TITLE: THE AGE OF MISSING INFORMATION

AUTHOR: BILL MCKIBBEN

PUBLISHER: RANDOM HOUSE; 261 PAGES; $20

THE BOTTOM LINE: An original and invigorating look at what TV tells us about the world, and what it leaves out.

HERE, IN THE PARLANCE OF HOLlywood, is a high-concept idea. Bill McKibben, a contributor to the New Yorker and author of The End of Nature, decided to take a look at what television tells us — and doesn’t tell us — about the world we live in. So he set up two representative days. For one 24-hour period, he taped and watched every minute of programming (more than 2,000 hours’ worth) on all 93 channels in the Fairfax County, Va., cable system. On the other day, he lolled around a pond and did some hiking in the Adirondack Mountains. His conclusion: despite the unceasing torrent of news, commercials, televangelists, sitcoms and game shows, TV provides an incomplete and distorted picture of our world — a picture that “masks and drowns out the subtle and vital information contact with the real world once provided.”

This back-to-basics experiment seems, at first blush, naive and obvious. Does one really need a walk in the woods to discover that TV has too many sitcoms, or that the Home Shopping Network is crass? Well, maybe we do. The Age of Missing Information is an invigorating, even revelatory look at what the TV age hath wrought.

Nearly every page has something fresh to say, or a fresh spin to put on things that have grown terminally familiar. TV, McKibben observes, celebrates unlimited consumption and economic expansion; a day on the mountain reminds us that the natural world is a place of limits, of cyclical time, of death. Though it links the world in a “global village,” TV erodes the sense of community, both by obliterating regional distinctions (all anchormen have the same accent) and by lampooning the community of shared values portrayed by TV in the ’50s. The medium fosters a “weirdly foreshortened” sense of history by endlessly reliving and re-examining the past 40 years (the period, of course, in which television has existed). The effect is to make the past four decades seem to us “utterly normative” — when, in fact, they are a radical departure from any period that came before.

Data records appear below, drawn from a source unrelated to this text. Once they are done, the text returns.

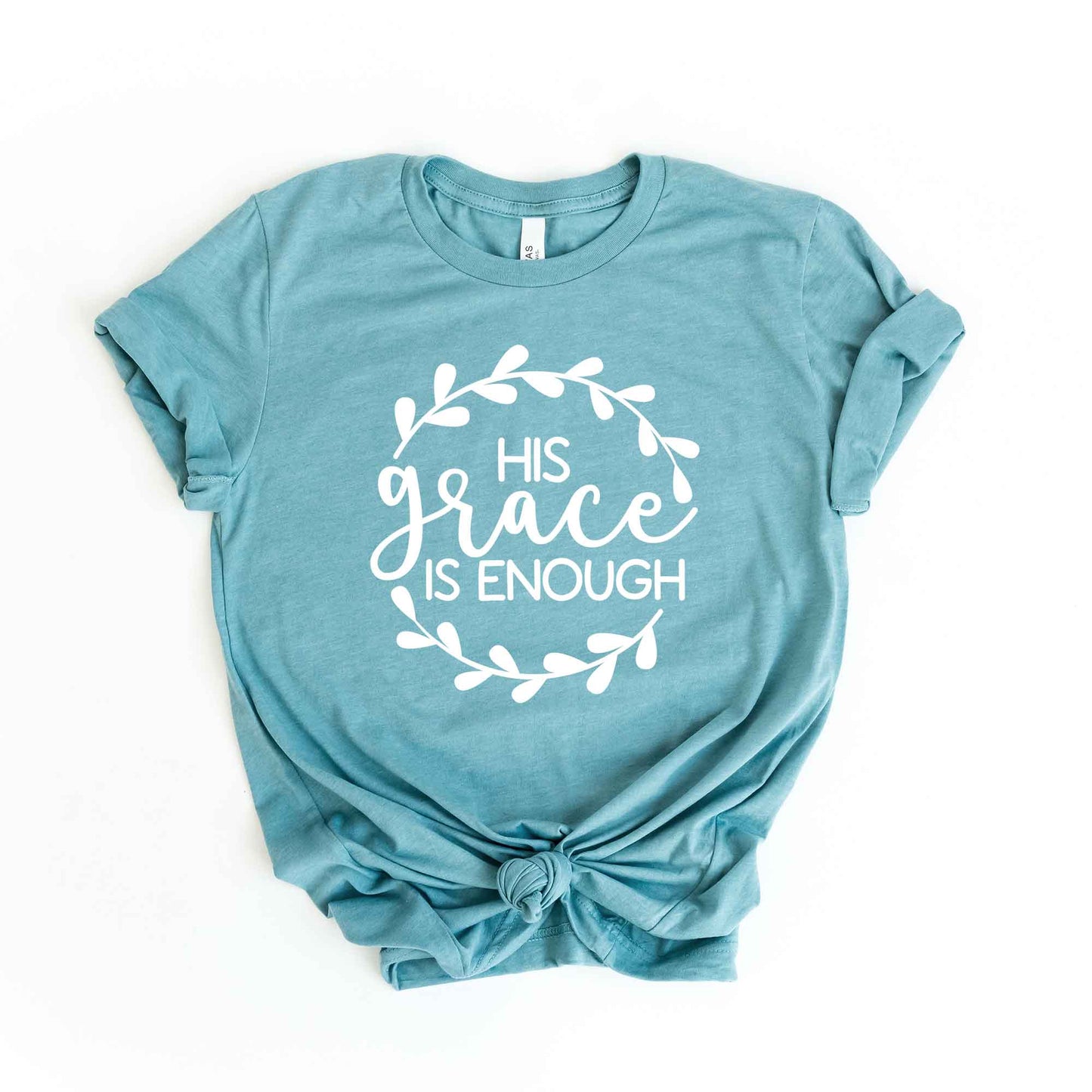 His Grace Is Enough | Short Sleeve Crew Neck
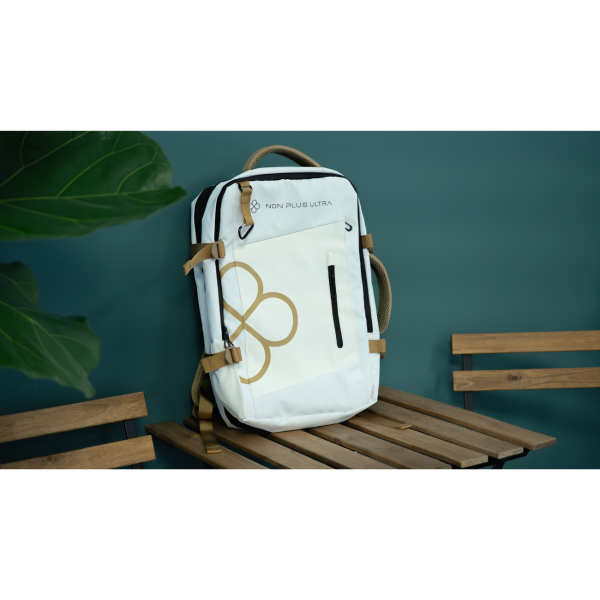 ultron Rucksack NPU 17,beige/weiss
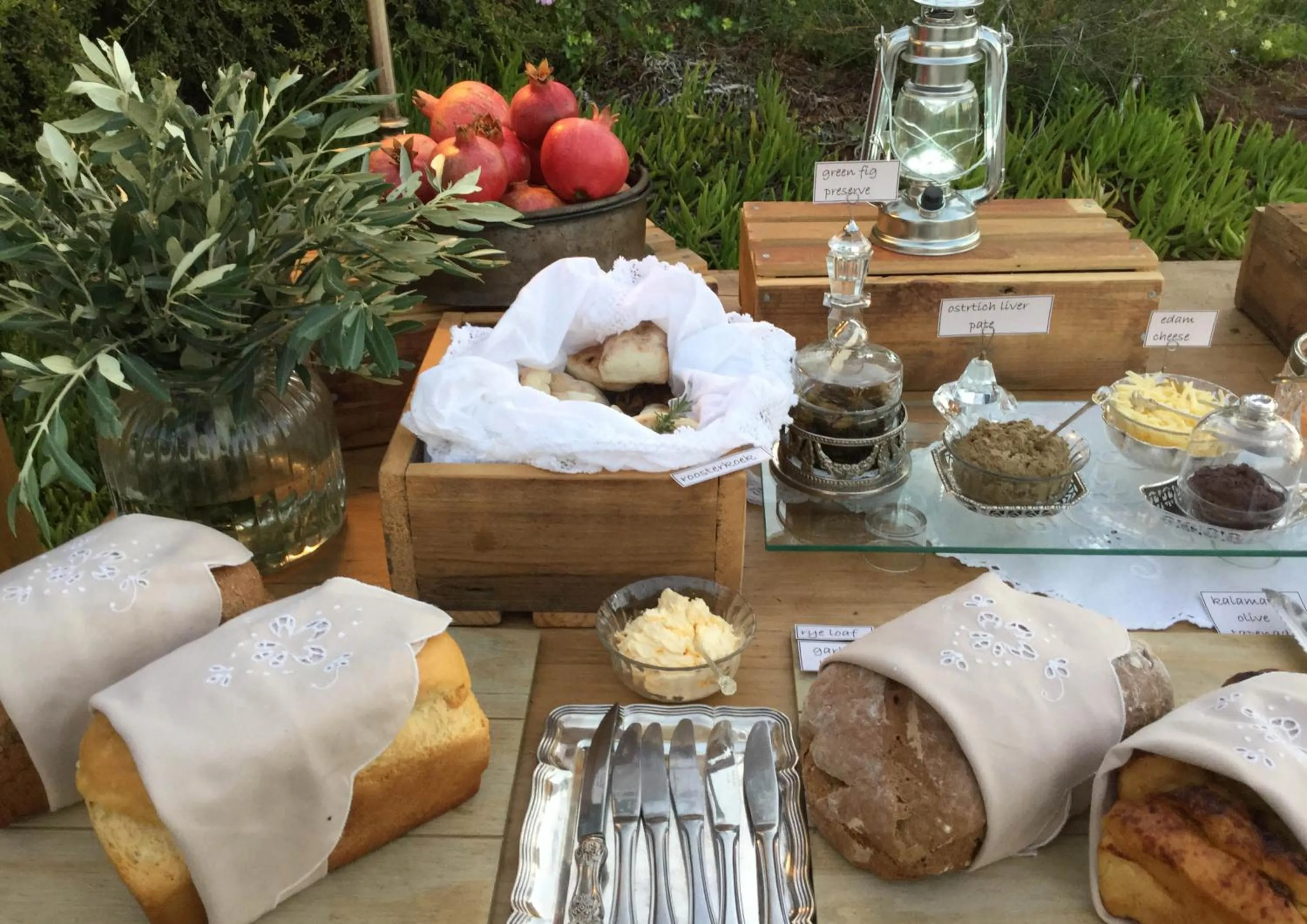 Restaurant/places to eat in La Plume Boutique Hotel & Spa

Most important, TV diverts our attention from nature’s “one great secret”: man is not the center of the universe. “The idea of standing under the stars and feeling how small you are — that’s not a television idea,” says McKibben. “Everything on television tells you the opposite — that you’re the most important person, and that people are all that matter.”

McKibben’s environmentalist agenda is never far from the surface. Our disconnection from the real world, he argues, has blinded us to the urgency of the ecological crises facing us, from global warming to the wasteful use of finite resources. One doesn’t have to believe TV is all to blame for this to heed McKibben’s lessons about the omnipresent box. Like turn it off once in a while.